KEY POINTS
Descriptive Statistics
Statistics is a branch of mathematics that researchers use to organize and interpret data.
Descriptive statistics are summaries of data that make the data meaningful and easy to understand. One descriptive statistic is a frequency distribution, which can be presented in the form of a table, a histogram, or a frequency polygon. Some frequency distributions are positively skewed; that is, most of the scores in the distribution pile up at the low end. Distributions that are negatively skewed have mostly high scores. Symmetrical distributions have equal numbers of scores on both sides of the distribution’s midpoint.
The mode, the median, and the mean are measures of central tendency of a distribution. The mode is the most frequent score. The median is the middle score in the distribution. The mean is the arithmetic average. To calculate the mean, scores are summed and divided by the total number of scores. The mean is usually the best overall representation of central tendency, but it is strongly influenced by extremely high or extremely low scores.
The range and standard deviation are measures of variability or spread of a distribution. The range is the highest score in the distribution minus the lowest score. The standard deviation is the square root of the average of the squared deviations from the mean.
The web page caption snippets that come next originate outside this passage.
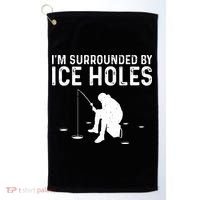 Funny Ice Fishing Gift For Snow Holes Fishermen Golf Towel thumb 0
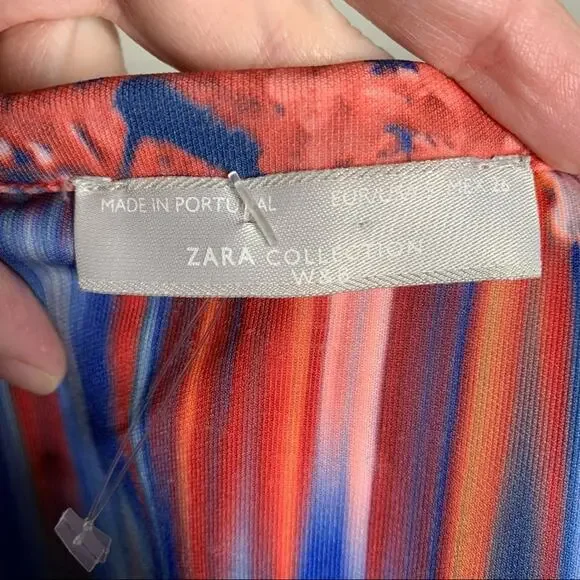 ZARA Collection Cherry Blossom Sheath Dress Pink Blue Size Small - Picture 4 of 9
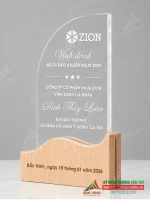 Kỷ niệm chương vinh danh Gỗ kết hợp Acrylic trong suốt KNCG-22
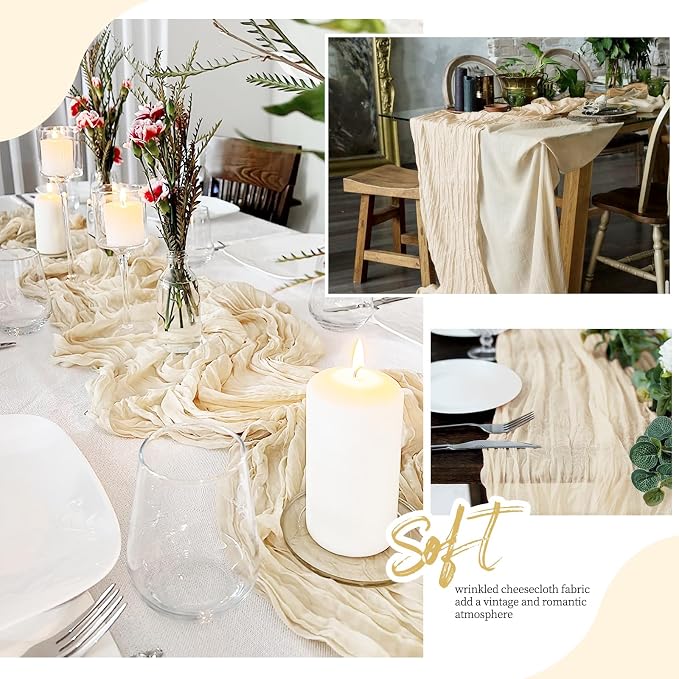 6 Pack Ivory Cheesecloth Table Runner 17x108 Inch Semi Sheer Boho Gauze Cheese - Image 6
A z score expresses a single score’s deviation from the mean of a distribution in standard deviation units.
The standard normal curve is a symmetrical distribution forming a bell-shaped curve in which the mean, median, and mode are all equal and fall in the exact middle. The percentage of cases that fall between any two points on the normal curve is known. Over 95 percent of the cases fall between two standard deviations above the mean and two standard deviations below the mean.
Correlation refers to the relationship between two variables. A correlation coefficient is a number that indicates the magnitude and direction of such a relationship. A correlation coefficient may range from -1 to +1. The closer the value is to -1 or +1, the stronger the relationship is. Correlations close to 0 indicate no relationship. A positive correlation coefficient tells us that as one variable increases in size, the second variable also increases. A negative correlation coefficient indicates that as one variable increases in size, the second variable decreases. A correlation relationship may be presented visually in a scatter diagram or scatter plot.
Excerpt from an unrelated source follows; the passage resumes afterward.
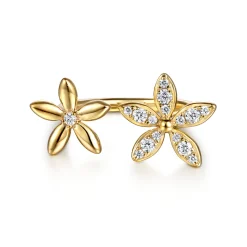 Online Gabriel & Co. Floral - 14K Yellow Gold Diamond Floral Open Ring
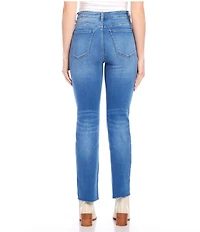 Karen Kane Stretch High RIse Raw Hem Straight Jeans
Correlations enable us to predict the value of one variable from knowledge of another variable’s value. However, a correlational relationship is not necessarily a causal relationship.
Inferential Statistics
Inferential statistics are used to determine whether the outcomes of a study can be legitimately generalized to a larger population. A population is a complete set of something. A sample is a subset of a population. One technique is a t-test, which is used to compare the means of two groups.
Inferential statistics provide information about the probability of a particular result if only chance or random factors are operating. If this probability is small, the findings are said to be statistically significant; that is, they are probably due to the researcher’s interventions. Researchers must avoid making decision errors. Erroneously concluding that study results are significant is a Type I error. Failing to find a significant effect that does, in fact, exist is a Type II error.
Match each of the terms on the left with its definition on the right. Click on the term first and then click on the matching definition. As you match them correctly they will move to the bottom of the activity.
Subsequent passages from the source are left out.